Subió la escalera con parsimonia.
Subió la escalera con la cadencia de una babosa dañada por la sal.
Una babosa que de alguna forma resurgió de la sal gruesa en la que estaba enterrada.
Había tomado más de la cuenta. Parecía eso.
Cuando lo vi aparecer en el marco de la puerta supe que algo andaba mal.
Se quedó quieto, apoyado en el marco de la puerta.
A sus espaldas, la luz de la calle. El rumor de los árboles en la calle. El 24, un ronquido de la calle.
Creí que necesitaba plata. Creí que necesitaba cigarrillos.
Plata para comprar leche y entibiarla en el cacharro de mango quemado que tenemos en la cocina.

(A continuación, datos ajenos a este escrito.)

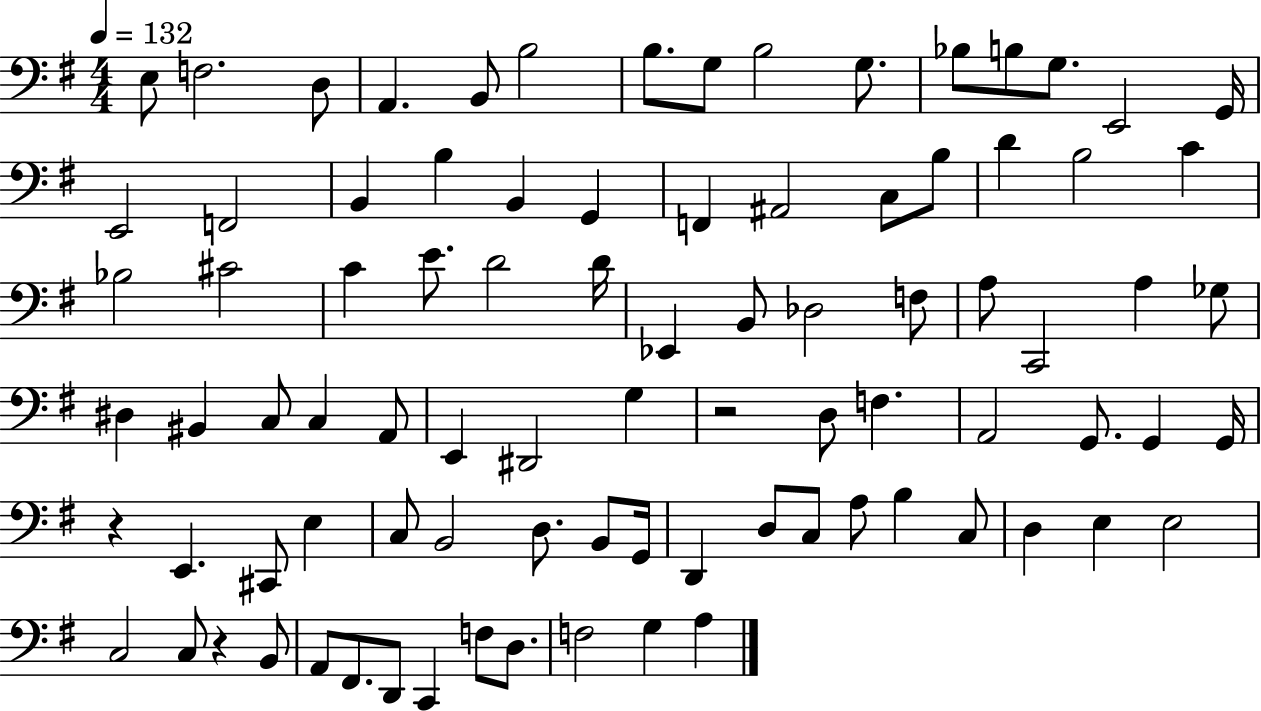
E3/e F3/h. D3/e A2/q. B2/e B3/h B3/e. G3/e B3/h G3/e. Bb3/e B3/e G3/e. E2/h G2/s E2/h F2/h B2/q B3/q B2/q G2/q F2/q A#2/h C3/e B3/e D4/q B3/h C4/q Bb3/h C#4/h C4/q E4/e. D4/h D4/s Eb2/q B2/e Db3/h F3/e A3/e C2/h A3/q Gb3/e D#3/q BIS2/q C3/e C3/q A2/e E2/q D#2/h G3/q R/h D3/e F3/q. A2/h G2/e. G2/q G2/s R/q E2/q. C#2/e E3/q C3/e B2/h D3/e. B2/e G2/s D2/q D3/e C3/e A3/e B3/q C3/e D3/q E3/q E3/h C3/h C3/e R/q B2/e A2/e F#2/e. D2/e C2/q F3/e D3/e. F3/h G3/q A3/q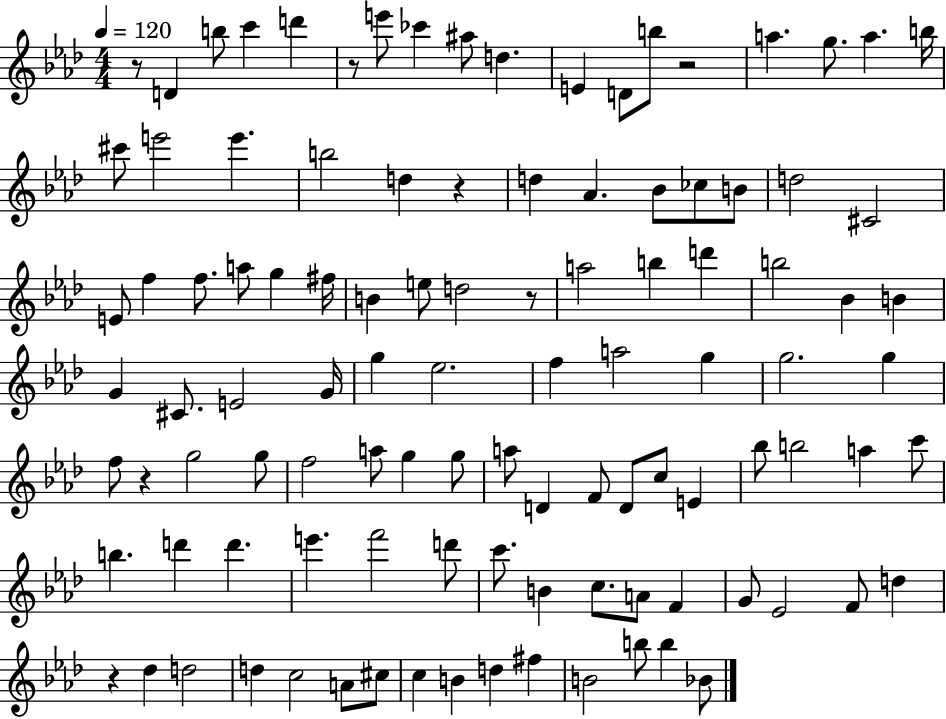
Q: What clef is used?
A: treble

Pero cantaba una canción de Calamaro. En voz muy baja.
Ahora no estoy seguro de que fuese una canción de Calamaro. Pero me pareció eso.
Le pregunté si necesitaba algo.
Y se tiró encima mío.
No tuve tiempo para pensar los motivos. No pude.
Volquer aprovechó que no tenía puestos los lentes de contacto y empezó a golpearme.
Cada uno de sus brazos era un látigo de carne congelada.
Sentí la sangre tibia en la nariz. Sentí los labios abiertos bolsas de nylon que revientan y dejan caer todo al suelo.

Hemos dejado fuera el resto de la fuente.